Of total foot traffic, about 1 in 10 consumers enter a store, based on the tracking of mobile phones in and around malls and stores.
And once inside the store, shoppers are spending 31 minutes, an increase from 26 minutes in the same month last year, according to the U.S. Retail Benchmark study, the monthly report on the tracking of tens of millions of shopping sessions by Euclid.
On the downside, overall traffic decreased 1% from a year ago, just as it did last month.
However, storefront conversions, the number of shoppers who enter a store as a percentage of the people walking by, increased to 9%, slightly up from last year, just as it did last month.
One of the more interesting insights I look for in these regular reports is how many shoppers who go into a store leave within five minutes, which the researchers refer to as bounce rate.
A month ago, the bounce rate was 9%, around the same as a year ago.

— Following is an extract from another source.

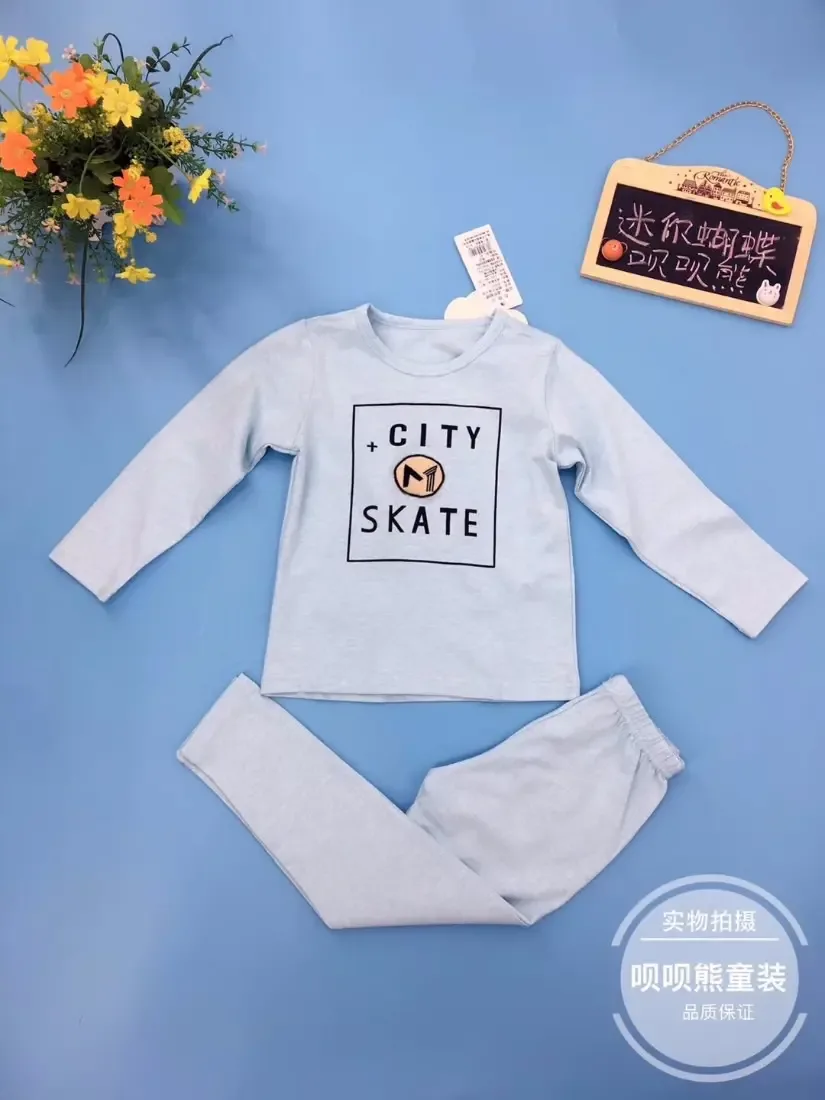 Guangzhou Beibei Xiong Children's Clothing Co., Ltd. - Clothing reference image 4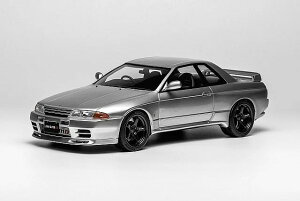 MotorHelix [^[wbNX 1/18 ~jJ[ W v|[Vf 1989Nf Y NISSAN - SKYLINE GT-R (R32) COUPE CUSTOMIZED VERSION 1989 Vo[^bN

However, for March the bounce rate dropped from 10% last year to 7%, meaning that 7% of shoppers who enter a store leave within five minutes. This is a 12-month low in the monthly tracking study.
There was more not-so-good news for physical retailers. Repeat customers, those who come back to the same store more than once in a month, decreased to 11% from 13% a year ago.
In the trivia department, the best shopping day in the month was March 10 and the worst was March 5.
The volume of in-store shopping doesn’t mean mobile isn’t involved in things being bought.
For example, nearly half (47%) of all online commerce traffic comes from a smartphone or tablet, according to research from Demandware, which analyzed the actions of more than 100 million online shoppers.
So shoppers may be spending more time in stores, but many may have a better idea of what they’re looking for based on online research they already conducted.
And others are conducting that research from their phone while in the store.